Et que, contrairement à ce que nous répètent trop souvent les médias, leur vie ne ressemble pas à un film de Chales Binamé.
Le questionnaire du sondage a été rédigé par la firme Léger & Léger, en collaboration avec André Desève, coordonnateur de la recherche à la salle des nouvelles de Radio-Canada; François Rebello, président sortant de Force Jeunesse, et Richard Martineau.


Méthodologie du sondage

  Six cent deux personnes ont répondu au questionnaire. Les entrevues ont été réalisées entre le 1er et le 6 février.
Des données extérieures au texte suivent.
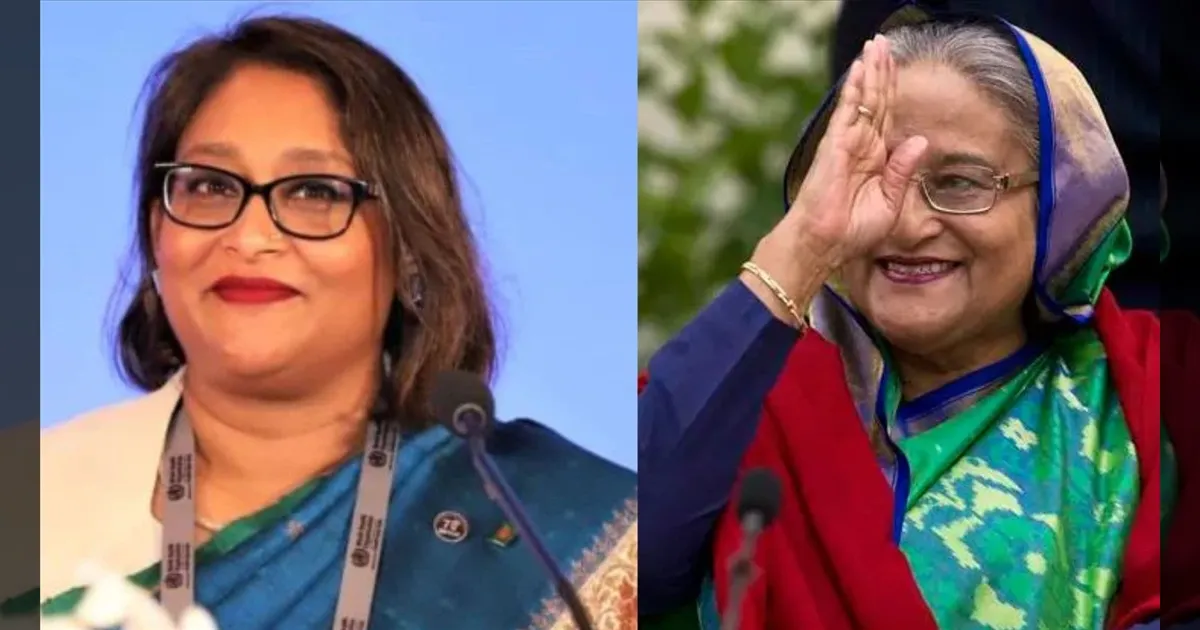 ஊழல் குற்றச்சாட்டு எதிரொலி!!  ஷேக் ஹசீனா மகளுக்கு சிக்கல்! ஆக்‌ஷனில் இறங்கிய WHO!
  La population étudiée est constituée de Québécoises et de Québécois âgé(e)s de quinze à trente-quatre ans, accessibles par téléphone, et pouvant s’exprimer en français ou en anglais.

  L’ensemble des résultats a été pondéré selon le sexe, l’âge, et la langue parlée à la maison, afin de rendre l’échantillon représentatif des 15-34 ans du Québec.

  Marge d’erreur maximale: plus ou moins 4,0 %. Intervalle de confiance: 95,0 %.